= Macintosh Common Lisp =

Macintosh Common Lisp (MCL) is an implementation and IDE for the Common Lisp programming language. Various versions of MCL run under the classic Mac OS (m68k and PPC) and Mac OS X.

Versions of MCL up to and including 5.1 are proprietary. Version 5.2 has been open sourced.

In 2009 a new different version of MCL has been open sourced: RMCL. RMCL is based on MCL 5.1 and does run under Rosetta on Intel-based Macs.

==Features of MCL==

MCL was famous for its integration with the Macintosh toolbox (later: Apple Carbon), which allowed direct access to most of the Mac OS functionality directly from Lisp. This was achieved with a low-level interface that allowed direct manipulation of native Mac OS data structures from Lisp, together with a high-level interface that was more convenient to use.

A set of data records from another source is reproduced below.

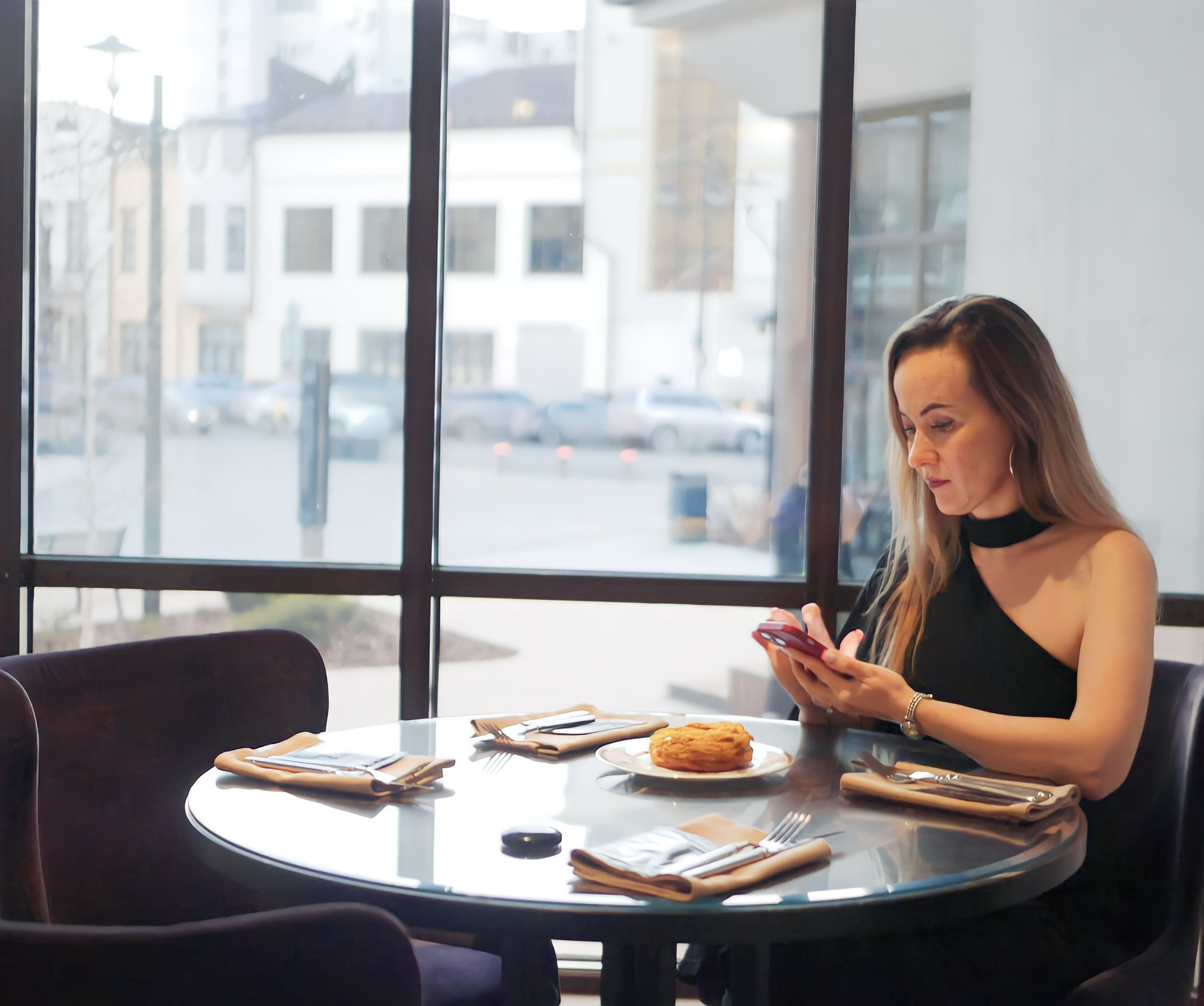 Анна Ротельмель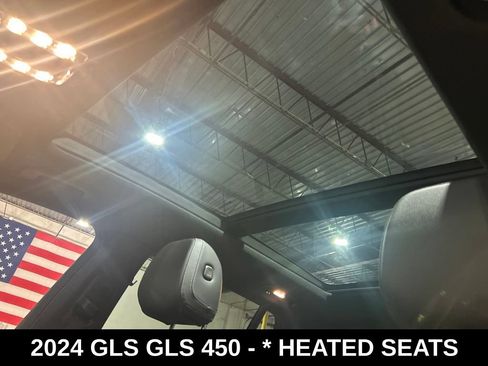 Used 2024 Mercedes-Benz GLS 450 4MATIC image 10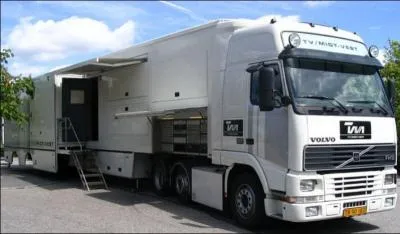 Quelle socit de production produit le feuilleton ?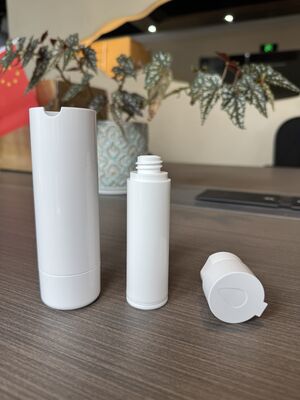 Wholesale 30ml 50ml Twist Plastic Airless Pump Bottle with Vacuum Lotion Pump in ABS+PP and Customized Color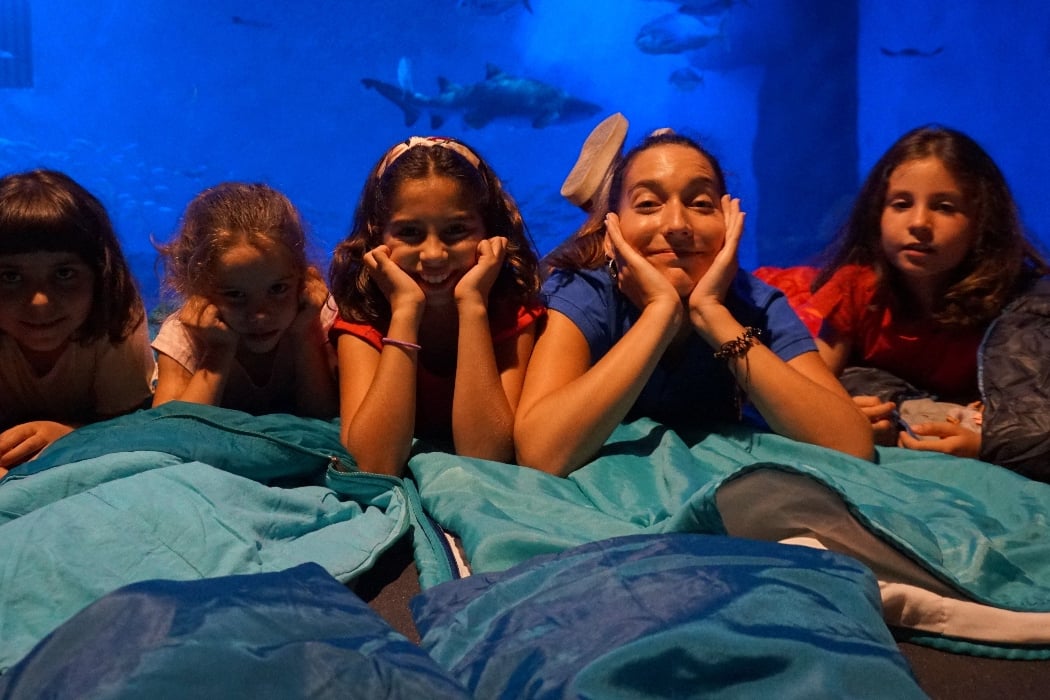 Noche con tiburones en familia 1
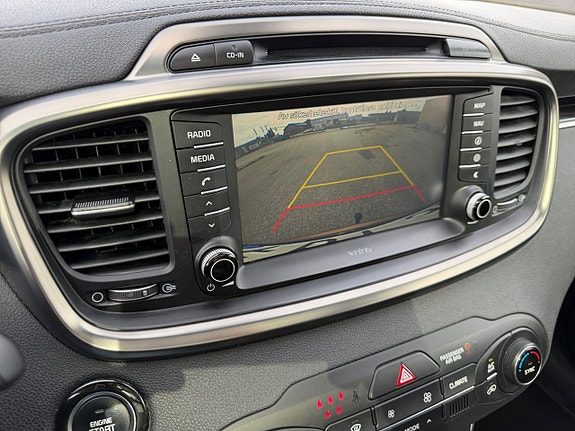 Kia Sorento 14 of 19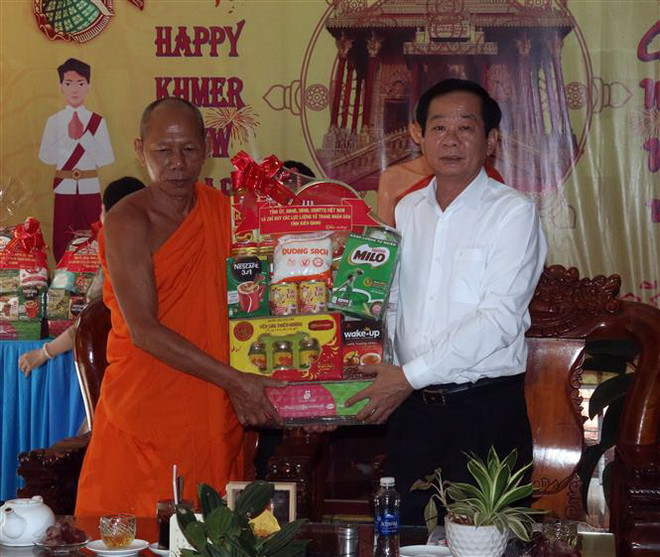 Kiên Giang: Đầm ấm lễ Sene Dolta truyền thống của đồng bào Khmer ảnh 1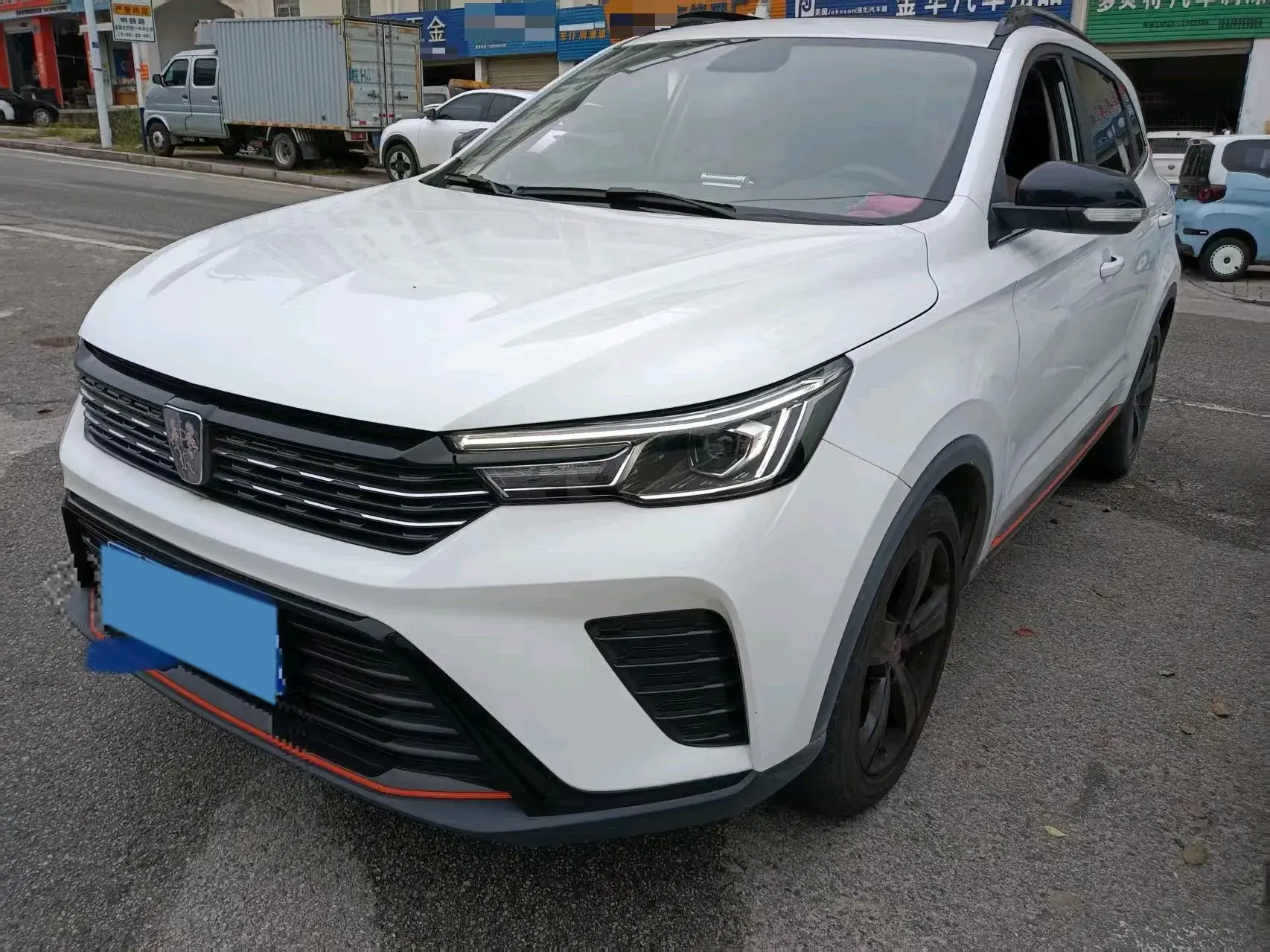 2020 ROEWE RX3 view 1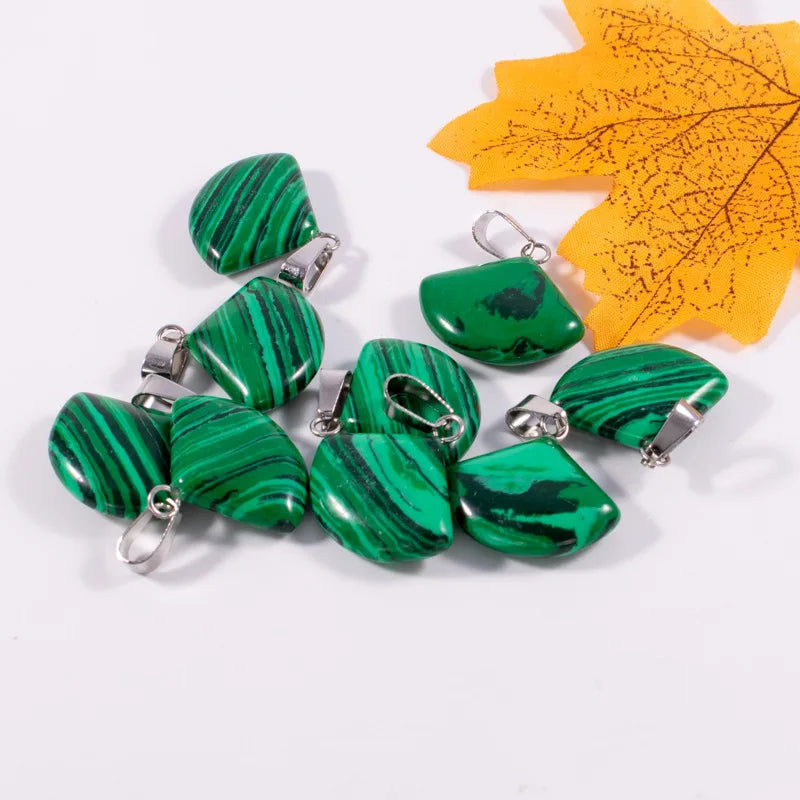Huiying Hot Selling Best Price Natural Malachite Friendship Pendant Sector Shape Carved Jewelry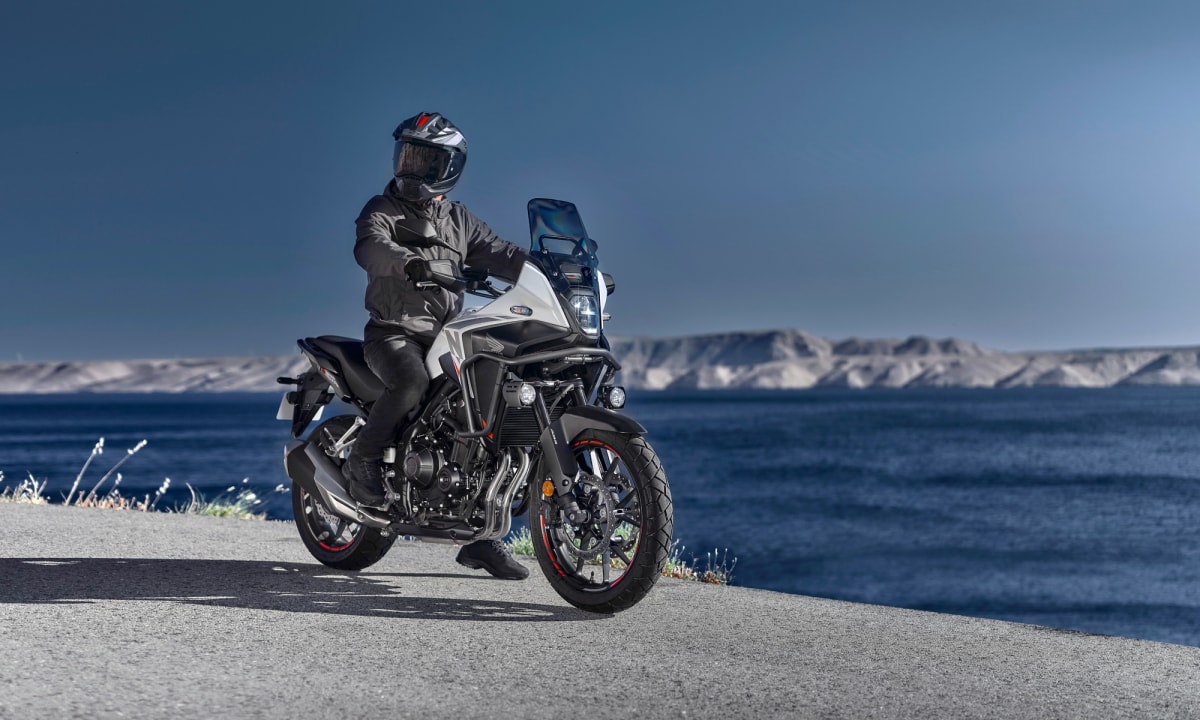 Honda NX500: Giá lăn bánh tháng 8/2025, các phiên bản, màu, thông số... mới nhất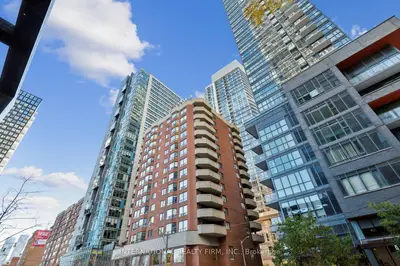 Condo Apartment in Toronto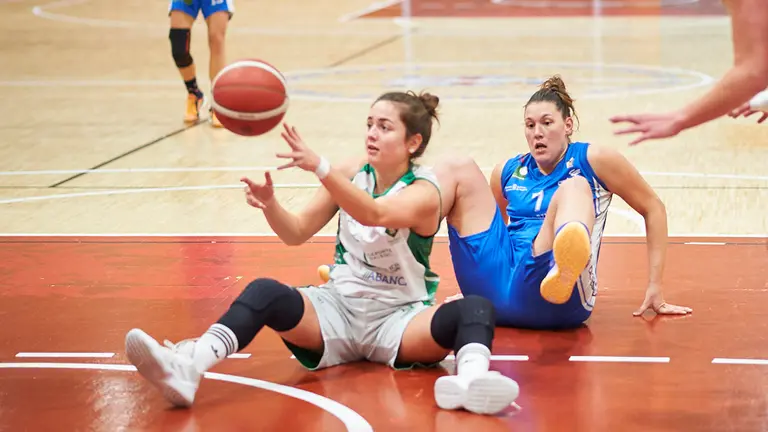 FNB Ardoi se enfrenta al CB Arxil Pontevedra en Zizur. PABLO LASAOSA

In a 2001 article in Dr. Dobb's Journal, Peter Norvig wrote that "MCL is my favorite IDE on the Macintosh platform for any language and is a serious rival to those on other platforms".

==History of MCL==

Development on MCL began in 1984.

Over its history, MCL has been known under different names:

Running on 68k-based Apple Macintosh Computers:

- 1987, Coral Common Lisp
- 1987, Macintosh Allegro Common Lisp
- 1988, Apple Macintosh Common Lisp

Running on PowerPC-based Apple Macintosh Computers:

- 1994, Digitool Macintosh Common Lisp

It has also spawned at least one separately maintained fork:

- 1998, Clozure CL (CCL), known previously as OpenMCL
- In 2007 MCL 5.2 was open sourced.
- In 2009 RMCL (MCL running under Rosetta) was published as open source.
- Since 2009 an open source version of RMCL (based on MCL 5.2) is hosted at Google Code MCL. This version runs under Rosetta (Apple's PPC to Intel code translator that is an optional install under Mac OS X 10.6).